_The problem:_
From the listing below, restate word for word the lines from the line containing "스패너 콤비네이션렌치 10종세트 양구스패너 너트렌치" down through the line containing "Marciano Guess Marciano". Exclude pictures.

_Source data:_

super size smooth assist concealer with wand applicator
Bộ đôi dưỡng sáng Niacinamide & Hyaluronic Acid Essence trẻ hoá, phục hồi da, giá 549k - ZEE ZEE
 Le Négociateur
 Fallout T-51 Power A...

---

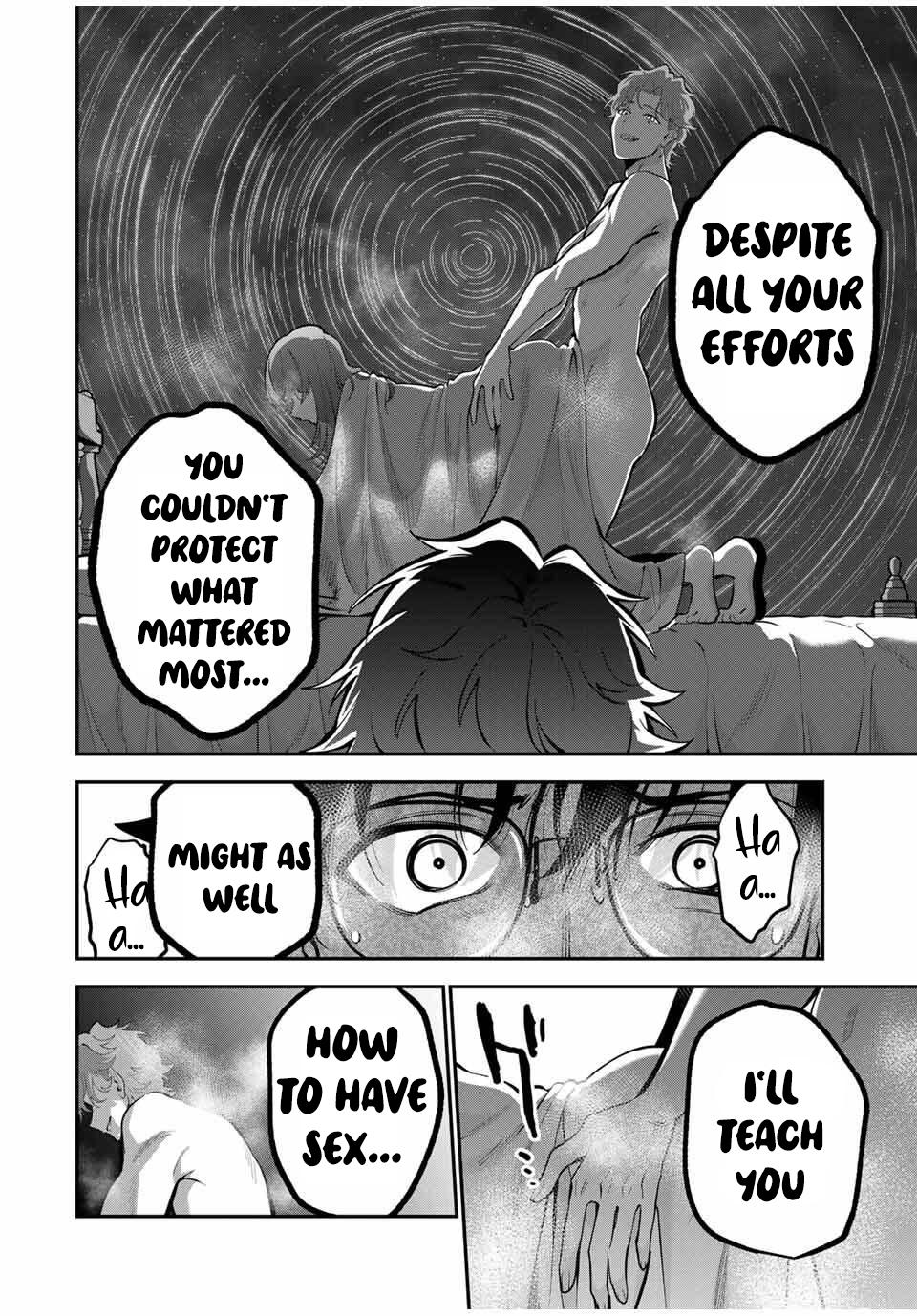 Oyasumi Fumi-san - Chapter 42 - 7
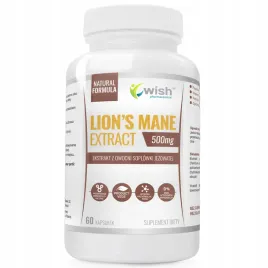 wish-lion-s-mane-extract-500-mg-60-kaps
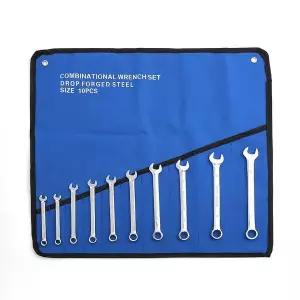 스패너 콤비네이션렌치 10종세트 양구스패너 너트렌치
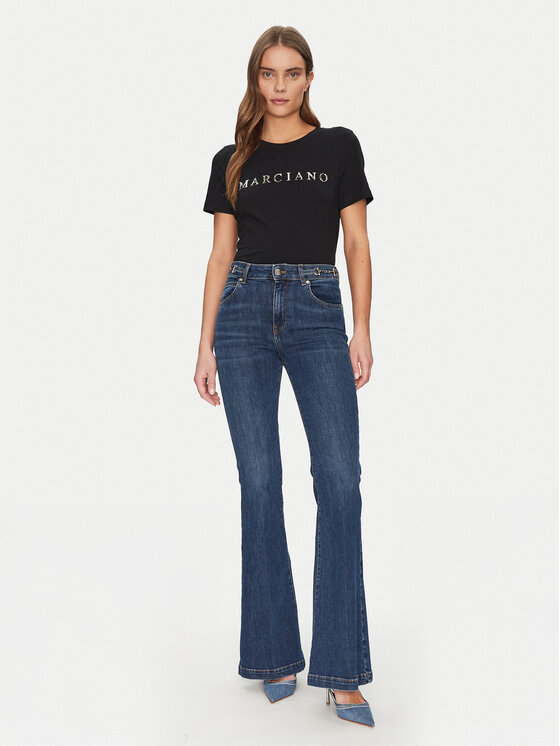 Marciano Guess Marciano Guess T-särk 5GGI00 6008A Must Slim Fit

_Output of the task:_
 스패너 콤비네이션렌치 10종세트 양구스패너 너트렌치
 Marciano Guess Marciano Guess T-särk 5GGI00 6008A Must Slim Fit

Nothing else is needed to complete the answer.